Fabric industry

Do you think the textile industry will change overnight? Not so fast

Vice-president of Fabricut David Klaristenfeld has spent two busy decades in the fabric industry, but 2019 could be the most eventful year yet. This summer, his company acquired the beloved designer label Clarence House, and Klaristenfeld is in the middle of a crash course to work at the top of the market, where fabrics cost hundreds of dollars a yard and bathrooms cost. multi-line exposure dominate the market. perch.

David KlaristenfeldCourtesy of Fabricut

“It’s a whole new world,” he told the host Dennis scully in the last episode of the Home affairs podcast (sponsored by Chairish and Google).

Acquisition involves many challenges, both practical and cultural. But Klaristenfeld was invigorated by the prospect of working on an iconic American brand and with a legendary Creative Director, Kazumi yoshida. In a high-profile conversation, he also discusses the general state of the fabric world, the difficult economics of sampling, and why he thinks, despite much noise, that the industry is not. not change as much as some might think.
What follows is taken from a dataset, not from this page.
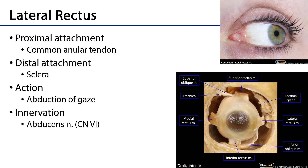Next we have the lateral rectus, which like the medial rectus takes its proximal attachment from the common annular tendon, with its distal attachment at the lateral aspect of the sclera. Its actions are not confounded by the shape of the orbit — when the lateral rectus muscle pulls, gaze abducts or moves laterally. It is innervated by the abducens nerve. A helpful mnemonic: the abducens nerve abducts gaze via the lateral rectus.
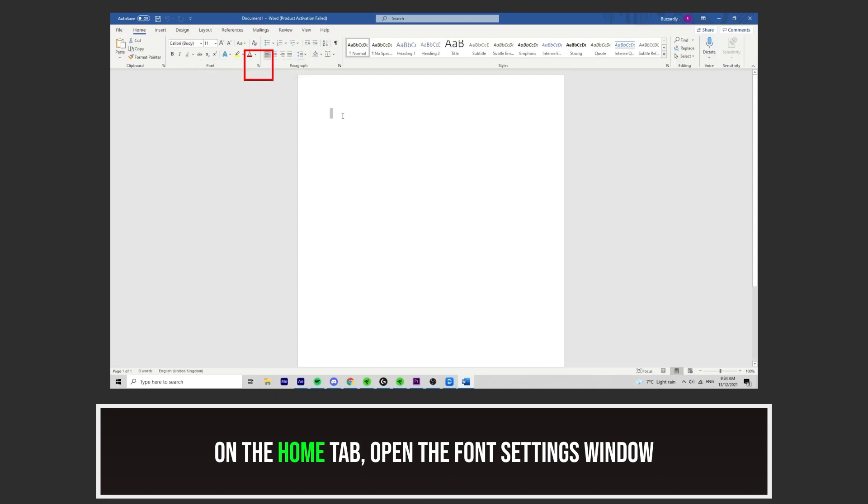Now, making sure the Home tab is selected, open up the Font Settings window by clicking this icon.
Below, listen to the episode and check out some takeaways. If you like what you hear, subscribe (free) to the podcast on Apple podcasts.

EDITING IS THE KEY
When Klaristenfeld came to Fabricut 16 years ago, he found himself saying the same thing over and over again: “You put on too much damn product. He has worked on shrinking Fabricut lines over the years and has taken a similar approach to Clarence House, taking the collection from 7,500 SKUs to 1,700 SKUs. “We managed to piss off some people; we feel like we’re able to rebuild it in a much better place from that starting point. … We pay much more attention to the amount of product we take out, making sure there is a story behind what [we’re] bring out and why.

PARTNERSHIPS ARE EVERYTHING
One of Klaristenfeld’s first big decisions with Clarence House was to take down third-party websites that were selling to the public. The reason was that the brand was still a designer brand and would do their best through their traditional sales channels like multi-line showrooms. But the relationship between Fabricut and the Kneedler Reapers of the world took a long time, and there was some cultural confusion in the beginning. For example, Fabricut requires many of its customers to complete a credit application, which is not common in the world of high-end multi-lines. Rather than pushing the company’s line forward, Klaristenfeld has worked hard to make Fabricut’s process work for showrooms, and he sees a side benefit:

“Not only will this help us in our relations with [high-end multilines that stock Clarence House], this will help us in our relationship with all our agents across the country for Fabricut. … We are learning how to work better with agent showrooms through Clarence House, and I think that will help us with all of our other brands as well. We need them to stay in business. Otherwise, there is no other way for us to show our other fabrics in the rest of the country.

IT’S STILL 2008
We all know what can happen when a large textile company is struggling with debt. Klaristenfeld, a former bankruptcy lawyer, emphasizes how important it was for Fabricut to operate debt-free. The mindset at the Tulsa, Oklahoma-based business is this: Act like it’s a recession, all the time. “The people who survive are the ones who have run their businesses as if it was all in 2008,” he says. “You want to be slim and able to maneuver through tough times. … Managing your debt is huge – if you can’t make that payment to the bank, it doesn’t matter what your sales are.